- DESCRIPTION OF THE TASK -
Return the entries below in their exact form, leaving the pictures out.

Brief descriptive captions
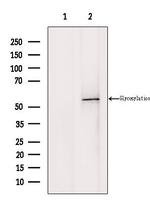 CD1E Antibody in Western Blot (WB)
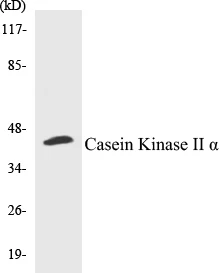 Casein Kinase II alpha Cell Based ELISA Kit (A102800-96)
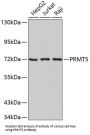 Protein Arginine N-Methyltransferase 5 (PRMT5) Antibody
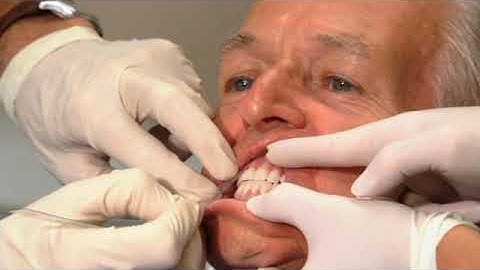 Denture Bootcamp Part IX: Finalization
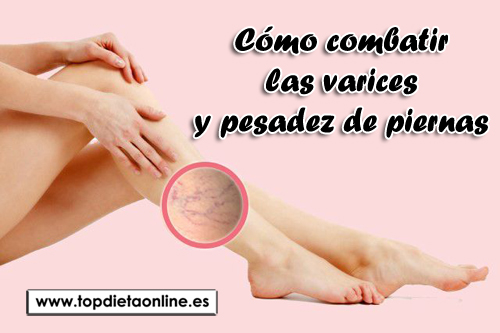 Combatir-las-varices-y-pesadez-de-piernas-topdietaonline.jpg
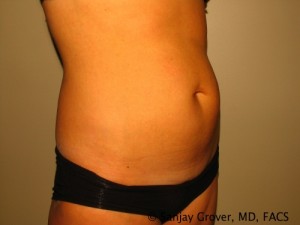 Tummy Tuck Before and After 34 | Sanjay Grover MD FACS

- OUTPUT -
 CD1E Antibody in Western Blot (WB)
 Casein Kinase II alpha Cell Based ELISA Kit (A102800-96)
 Protein Arginine N-Methyltransferase 5 (PRMT5) Antibody
 Denture Bootcamp Part IX: Finalization
 Combatir-las-varices-y-pesadez-de-piernas-topdietaonline.jpg
 Tummy Tuck Before and After 34 | Sanjay Grover MD FACS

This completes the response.